I previously reported that I failed to fit a model using CmdStanR on the GPU with OpenCL on WSL2, encountering the error Chain <CHAIN_NUMBER> OpenCL Initialization: [Device] CL_INVALID_DEVICE: Unknown error -1
, in this thread. After reading Help setting up for GPU computation (OSX), I realised that I might have failed to execute runTests.py
as described in Stan Math Library: OpenCL CPU/GPU Support and Quick Start · stan-dev/math Wiki. I would like to confirm if this is indeed the case.
Question
Following the articles above, I executed runTests.py
as described below:
cd ~/.cmdstan/cmdstan-2.35.0/stan/lib/stan_math/
python3 runTests.py test/unit -f opencl
A large number of tests ran, but for all tests within the visible command line history, I saw Running 0 tests from 0 test suites.
For example:
------------------------------------------------------------
test/unit/math/opencl/cholesky_decompose_test --gtest_output="xml:test/unit/math/opencl/cholesky_decompose_test.xml"

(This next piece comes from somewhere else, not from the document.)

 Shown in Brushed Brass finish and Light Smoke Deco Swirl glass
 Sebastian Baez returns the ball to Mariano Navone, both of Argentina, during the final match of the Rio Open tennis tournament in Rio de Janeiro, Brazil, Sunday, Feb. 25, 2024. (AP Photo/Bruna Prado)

Running main() from lib/benchmark_1.5.1/googletest/googletest/src/gtest_main.cc
[==========] Running 0 tests from 0 test suites.

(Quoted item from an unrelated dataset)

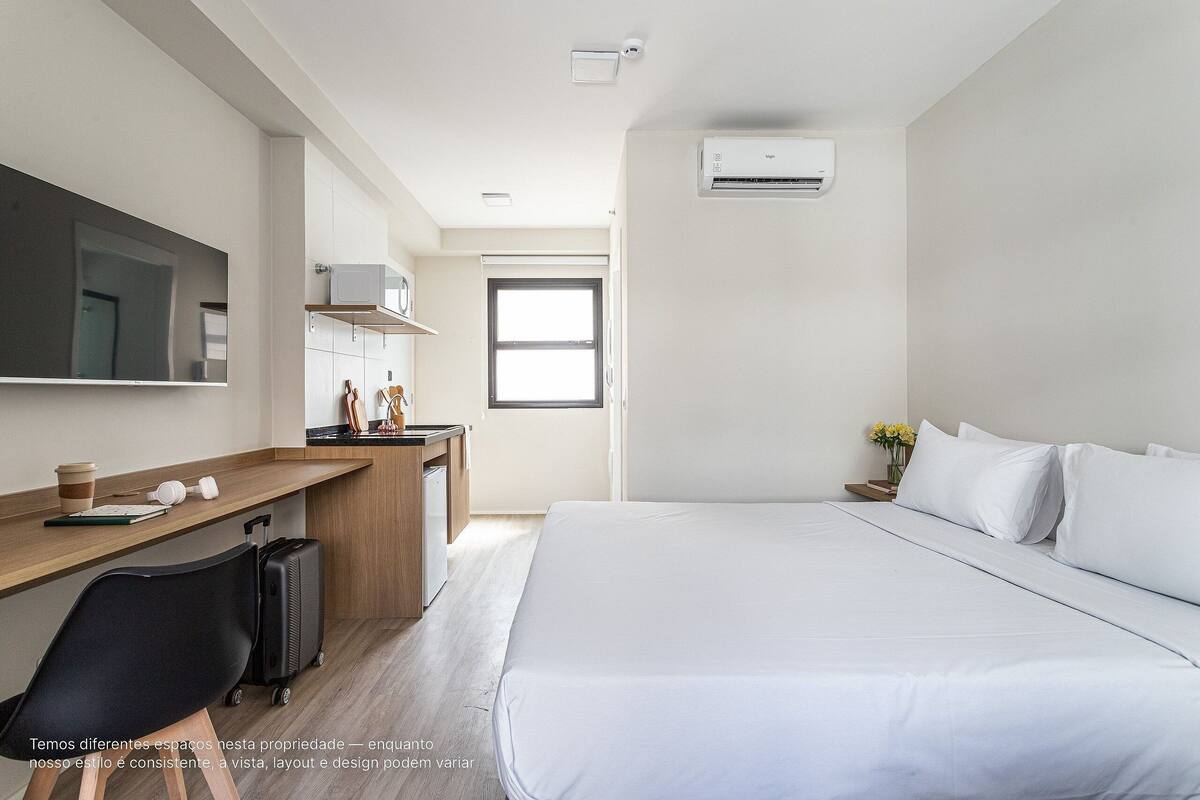 A modern hotel room with a large bed, a desk with a computer, a chair, and a suitcase.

[==========] 0 tests from 0 test suites ran. (0 ms total)
[ PASSED ] 0 tests
Does this indicate that the tests are failing? If the tests were successful, what should the output look like?
My environments
OS, programming languages, and hardwares
-
Operating System: Ubuntu 24.04 LTS on Windows Subsystem for Linux 2 (WSL2)
- All programs below were installed and run within the WSL2 environment, NOT the native Windows environment.
-
CmdStan Version: CmdStan v2.35.0
-
R 4.4.1
- cmdstanr: 0.8.1
-
Python 3.12.3
-
Compiler/Toolkit:
- CUDA 12.1
$ nvcc -V nvcc: NVIDIA (R) Cuda compiler driver Copyright (c) 2005-2023 NVIDIA Corporation Built on Mon_Apr__3_17:16:06_PDT_2023 Cuda compilation tools, release 12.1, V12.1.105 Build cuda_12.1.r12.1/compiler.32688072_0
- GPU: NVIDIA RTX 3060 (12GB of dedicated memory)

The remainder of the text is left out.